Monday, December 3rd, 2007

The Center for Research on Computation and Society continues its weekly lunch seminar:

CRCS Privacy and Security Lunch Seminar
Date: Wednesday, 5 December 2007
Time: 12:00pm-1:30pm
Place: Maxwell Dworkin119

Topic: Protecting the Privacy of the Users of Wireless Devices

Speaker: David Wetherall, Intel Research and University of Washington

Abstract:

We have started a new research effort to build wireless systems that provide a high degree of privacy for the users of mobile devices. Existing wireless protocols such as 802.11 transmit unique identifiers, e.g., MAC addresses, that allow users to be tracked and profiled by any nearby observer; they do not provide security models that work well in unmanaged environments. This is becoming problematic as wireless devices become more ubiquitous and more personal (with the proliferation of mobile phones, personal fitness and medical devices, headsets, and consumer electronics) and security problems become more pressing (with the rise in identity theft and unintended disclosures).

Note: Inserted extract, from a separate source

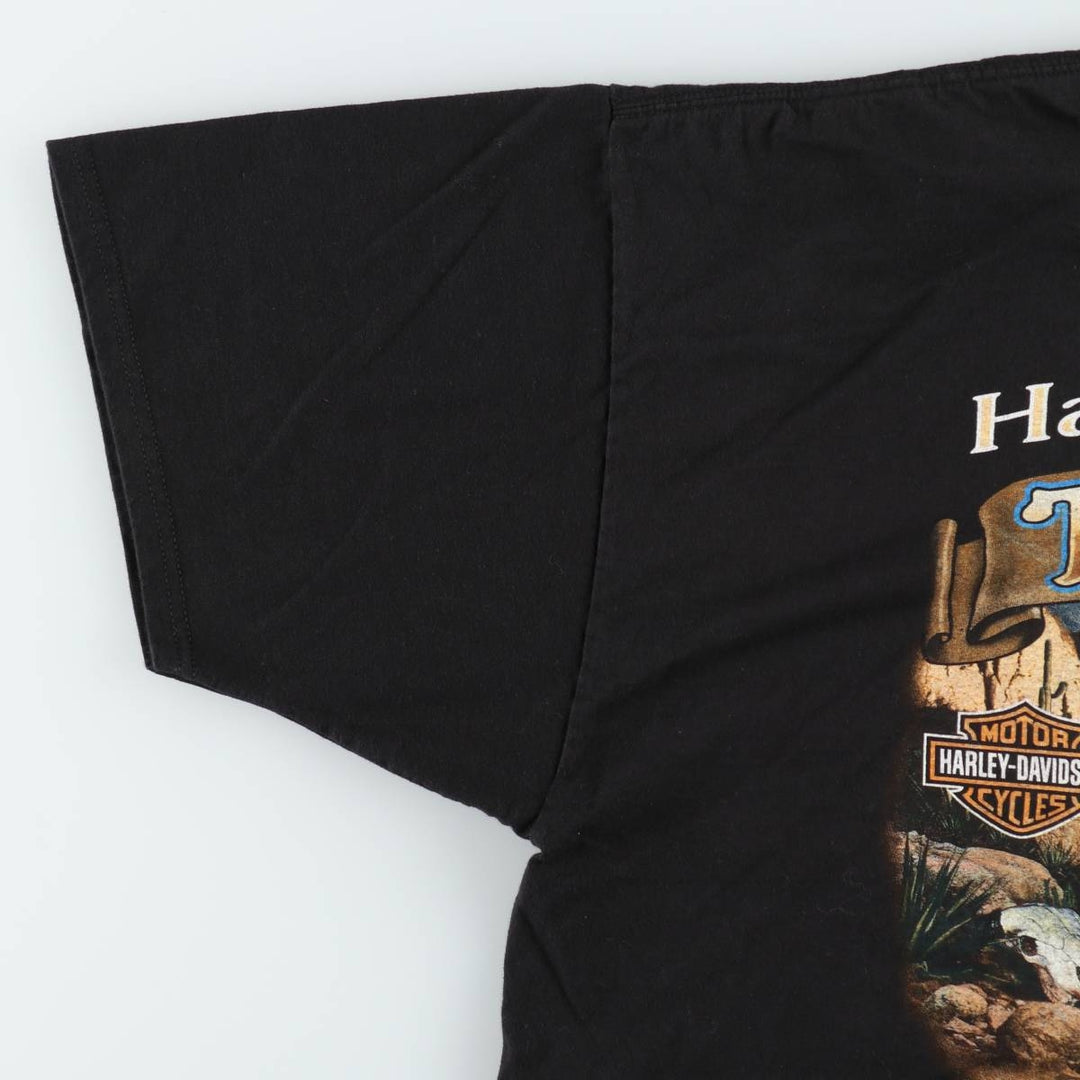 Harley Davidson Eagle Pattern Fire Pattern Motorcycle Bike T-shirt Men's XXL cotton black type Vintage Second Hand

We are developing techniques that selectively disclose addresses and other distinguishing information that maps to high-level identities, and which restrict connectivity to intended service regions. The former is challenging because addresses play a basic role in protocols such that they cannot be concealed without impact; traditional encryption methods such as WPA2, IPSEC and SSL do not prevent tracking and profiling. The latter is challenging because wireless signals propagate in unpredictable ways and leak across boundaries in the physical world.